_Task brief_
I need an exact copy of the lines from the one containing "普段は右腰にマウントされている。" through the end of the records, without any pictures.
━━━ Extracted records
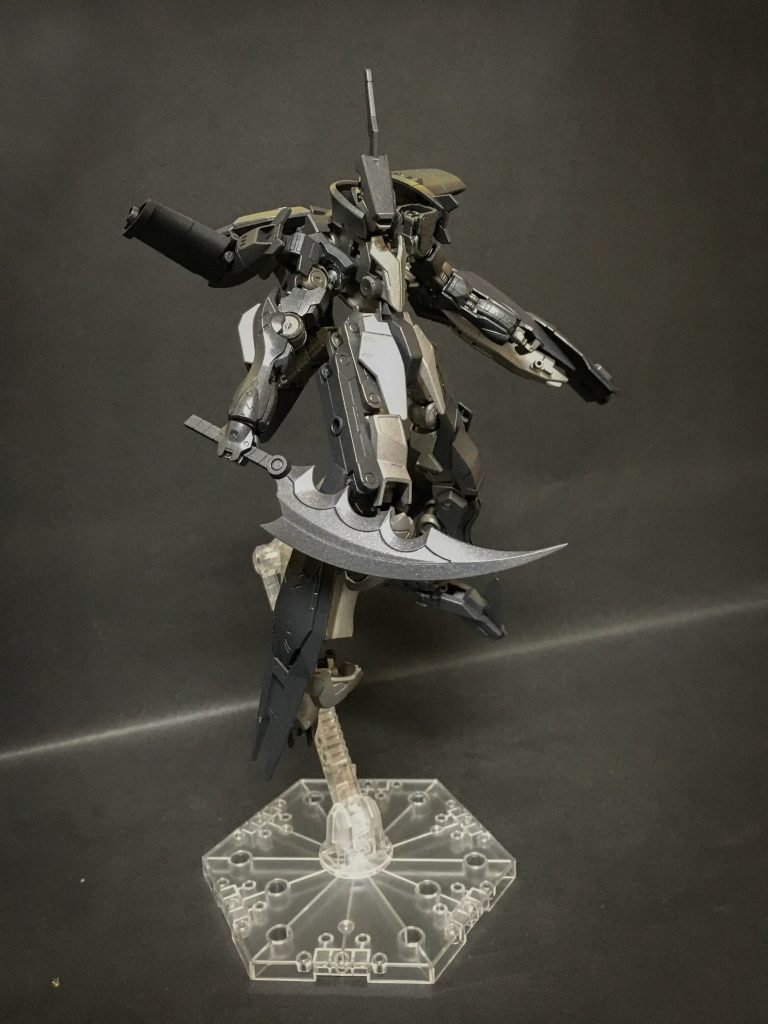 フィンサイフ
幅広の湾刀。普通に振るうのは勿論湾曲した内側の刃を引っ掛ける使い方も可能。
普段は右腰にマウントされている。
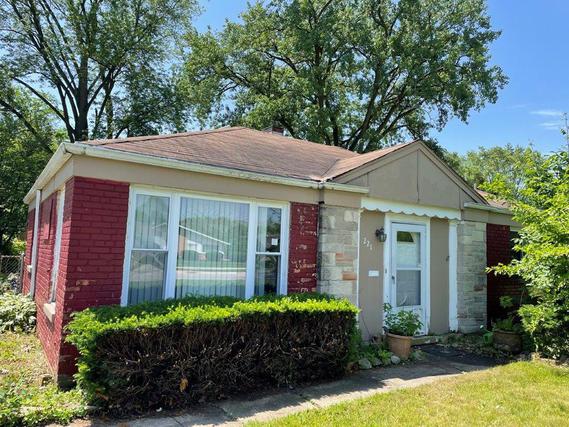 221 Indianwood Blvd., Park Forest, IL 60466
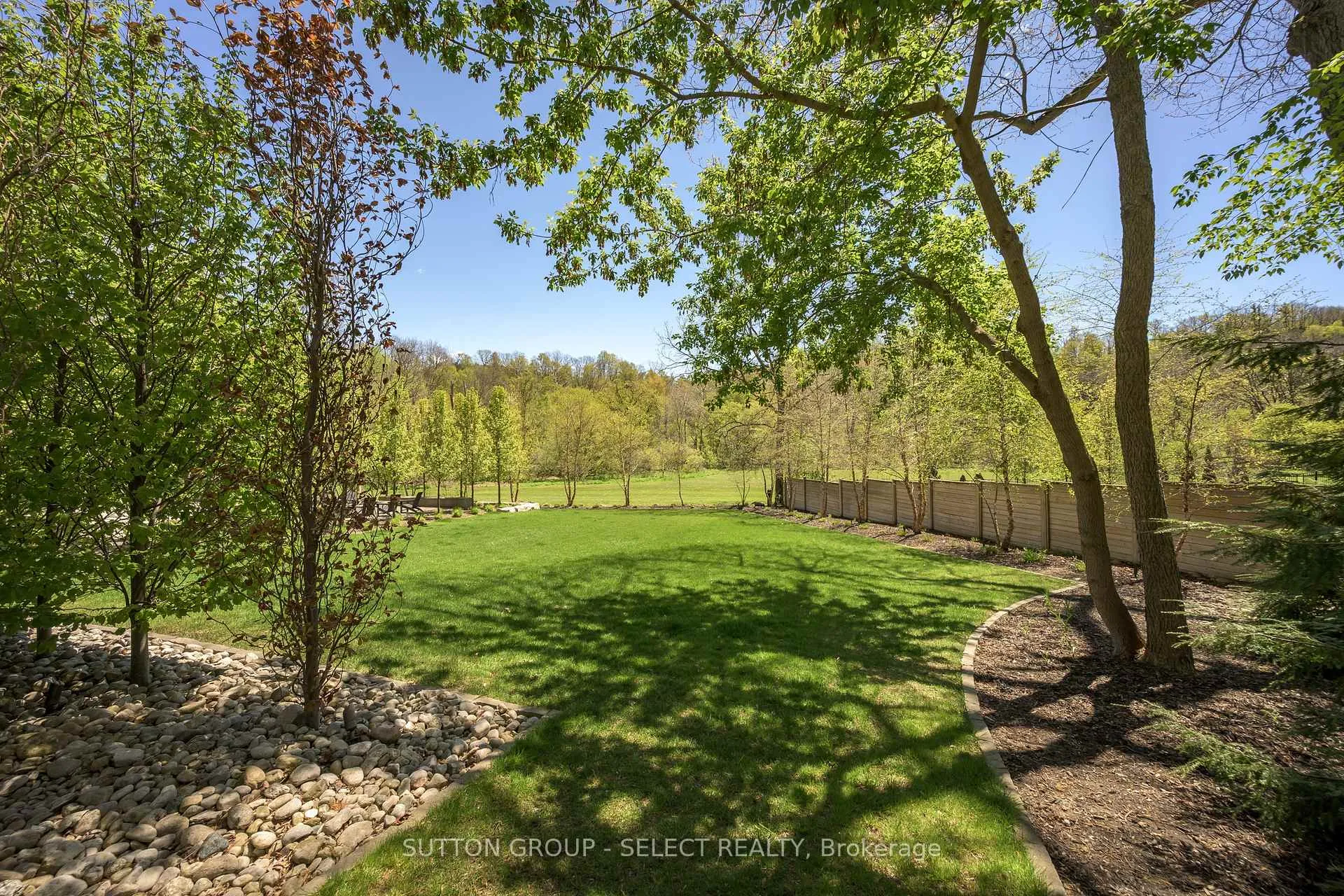 Photo 43 of 45 Blackburn Crescent, Middlesex Centre, Kilworth — HOMEH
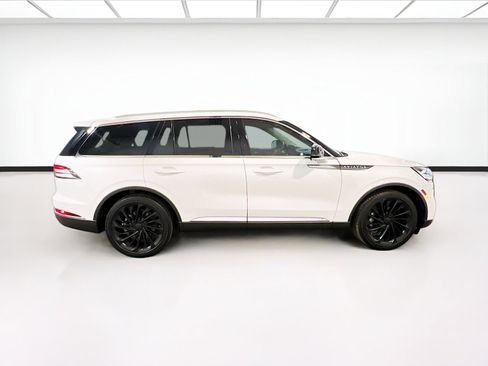 Used 2023 Lincoln Aviator Reserve w/ Equipment Group 201A image 27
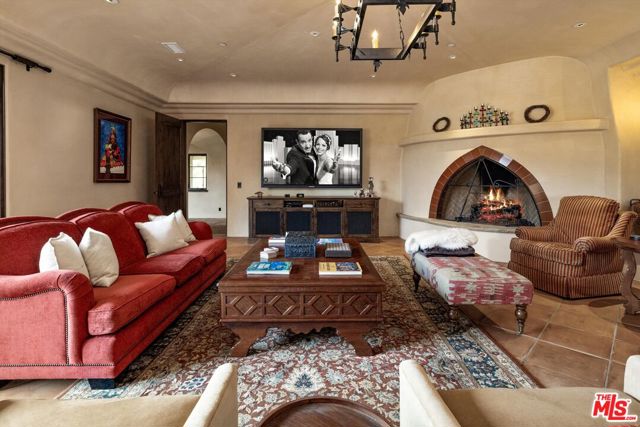 561 Saddle Lane, Ojai CA: https://media.crmls.org/mediaz/77f07759-3bcb-4d2b-8ba6-2c670c3d20c4.jpg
━━━━━━
_Response to this exercise_
普段は右腰にマウントされている。
 221 Indianwood Blvd., Park Forest, IL 60466
 Photo 43 of 45 Blackburn Crescent, Middlesex Centre, Kilworth — HOMEH
 Used 2023 Lincoln Aviator Reserve w/ Equipment Group 201A image 27
 561 Saddle Lane, Ojai CA: https://media.crmls.org/mediaz/77f07759-3bcb-4d2b-8ba6-2c670c3d20c4.jpg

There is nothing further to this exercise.